In 2015, the National Basketball Association’s salary cap increased from $70 million to $94.1 million. This was considered the biggest jump in the history of the NBA. It was a consequence of a massive $24 billion television and media rights deal with ESPN and TNT.
Silver is no fan of superteams because he believes they don’t promote a level playing field.
Consider the 11 championships won by the Boston Celtics over a 13-year period, from 1956 to 1969. Or when the Los Angeles Lakers went to the finals eight different times in a span of 10 years. Or when the Chicago Bulls went to the finals six times in eight years, winning a championship all six times. Clearly there’s never truly been much parity in the NBA.
Competitive balance in the NBA vs MLB
As a sports fan and researcher, it strikes me as odd that the NBA has competitive balance issues considering the presence of salary caps. In Bruce Dowbiggin’s book Cap in Hand: How Salary Caps are Killing Pro Sports and Why the Free Market Could Save Them, he refers to salary caps as a socialist system of governance, whereby it is used as a tool to control team spending.
Some leagues don’t have a cap on what they can spend. Major League Baseball (MLB), for example, has a free-market system. Instead of putting a cap on what teams can spend, owners pay a tax for spending above the threshold.
This allows big market teams, such as the New York Yankees, to easily recruit elite players. Superteams are the norm, not the exception. As such, one would figure that competitive balance in the MLB would be far worse compared to the NBA, but evidence suggests otherwise.
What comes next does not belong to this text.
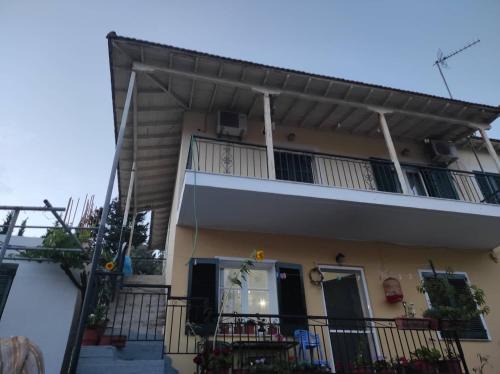 Lazarata Apartment | NTARAS HOME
David Berri, a professor of economics at Southern Utah University, found that both leagues have competitive imbalances despite governing under different systems.
He used the Noll-Scully ratio as a metric to measure parity. This ratio would be 1.00 in a league that is perfectly balanced. His research showed that the NBA’s Noll-Scully ratio continuously remained at 2.50, while the MLB’s average ratio was 1.90 in the American League and 1.69 in the National League.
Money as a powerful negotiating tool
Salary caps don’t have any statistically significant impact on competitive balance. That’s why I think they do more harm than good. Take the Toronto Raptors for instance.
The Raptors have the money to lure top players. But sadly, attracting them is a problem — Toronto is considered one of the least preferred destinations for elite players to sign.
That’s because Raptors are the highest taxed players in the NBA, Toronto has frigid winters compared to many other NBA cities and the Raptors are a Canadian, not an American, team — and most players are American and prefer to belong to U.S. teams.
Of course, it’s not only limited to these reasons.
By pursuing free markets, the Raptors could be a more attractive free-agent destination.
The future of the NBA
As salary caps are expected to increase, it’ll make it easier for teams to sign multiple superstars.
The NBA could go in two completely different directions.
It could try to become more competitively balanced by implementing hard caps. A hard cap means that a team is not allowed to exceed the salary cap. The NBA has soft caps that permits teams to spend over the cap in certain situations. The National Hockey League uses a hard cap, and has proven to be somewhat successful in achieving parity.
Another option would be for the NBA to pursue free markets. This means that they would eliminate the salary cap, and instead only have a luxury tax that teams would be required to pay if they go above a set threshold. It’s how Major League Baseball operates.
The luxury tax option would be more beneficial for the Toronto Raptors, because they could attract top players with the promise of higher salaries. Unfortunately, I’m afraid the league is more interested in implementing hard caps.
At the moment, Raptor star Kawhi Leonard will be a free agent this year. Let’s see what the Raptors can do, if anything, to keep him in Toronto without money being a deciding factor.